- Kategori
- Sosyoloji
Gülün..
Gülün…..
SON yıllarda gidilen mekânlardaki en önemli etkinliğimiz,
fotoğraf çektirmek. Yüzler ekrana sığacak şekilde: “Çek bir selfi...”
Fotoğraflarda genellikle gülümsüyoruz çünkü
bırakın başkalarını, kendimizin bile somurtan hali hoşumuza gitmiyor.
Nitekim gülümseyen bebekler, güler görünen atlar, köpekler,
yani cümle mahlukat, güldüğü zaman
sosyal medyada daha çok paylaşılıyor...
Hadi hiçbiri olmadı diyelim, gülen siyasilerimiz var.
Kısacası, gülen yüzler görmek hepimize iyi geliyor.
Gülmek, hafifçe tebessüm etmekle başlayıp
katıla katıla gülmeye, “kahkaha tufanı” koparmaya
kadar uzanan bir süreç. “Mütebessim”, yani
güler yüzlü bir ifadeye sahip olmak .güzel şey…

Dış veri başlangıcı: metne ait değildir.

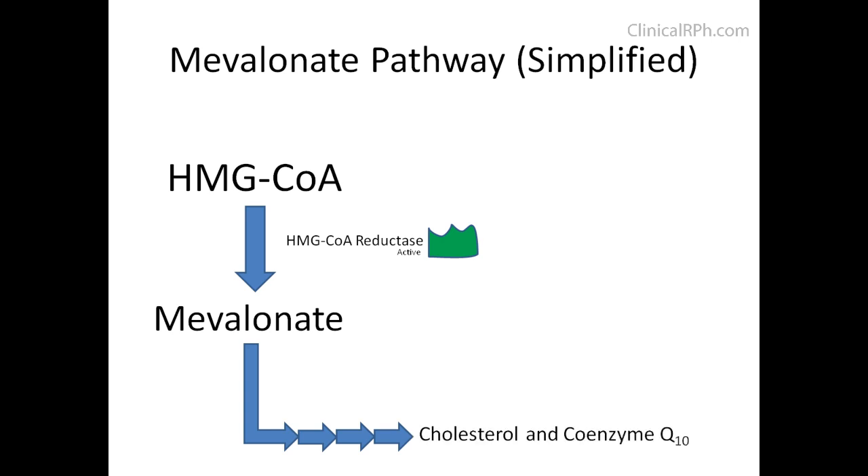Coenzyme Q10 is actually involved in the electron transfer chain. Statins act as a competitive inhibitor to HMG-CoA reductase, thereby blocking this rate-limiting step. This leads to a decrease in cholesterol and decreased coenzyme Q10. Studies have indicated that the decrease in coenzyme Q10 is associated with increased side effects, and some clinicians have recommended patients supplement to minimize chances.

Öte yandan başkalarını alaya alan, kişisel özellikleriyle
dalga geçen kaba şakalardan hiç hoşlanılmaz
Bu örnekten hareketle alimler, kişinin şaka niyetiyle de olsa
ağzından çıkanlara çok dikkat etmesi, insanları
kıracak söz ve hareketlerden uzak durmasını tavsiye etmişlerdi
KAMERAYA DEĞİL herkese gülmeliyiz.
Peki ama hayatımızda bunca mücadele, dünyada
bu kadar sıkıntı varken nasıl daima güler yüzlü olup
güler yüzlü kalabiliriz ki? Doğru... Hem de çok doğru.
Hatta şunu bile sormak mümkün:
Bu kadar acılı olay yaşanırken gülmek de neyin nesi?
Gülmek de ağlamak da hayatın doğal parçaları.
Yaşadığımız tatsız olaylar, haliyle neşemizi alır,
gülüşümüzü çalar. Oysa bu tatsız olayları
doğrudan bir “ceza” olarak değil de anlam çıkarılması gereken
tecrübeler olarak düşünürsek işimiz kolaylaşır.
Nasıl yaşımız büyüdüğünde “çocukça” tartışmalara gülüp geçiyorsak
manevi olgunlaşmayla birlikte kızdığımız pek çok olaya da
“gülüp geçmek” mümkün aslında. Gelin, fotoğraf çekilirken
bir “kareliğine” değil, mümkün mertebe her zaman,
herkese karşı güler yüzlü olmaya çalışalım.
Unutmayalım ki gülmenin de içten geleni makbuldür;
“gözlerinin içi gülen” insanlar hep daha çok sevilir.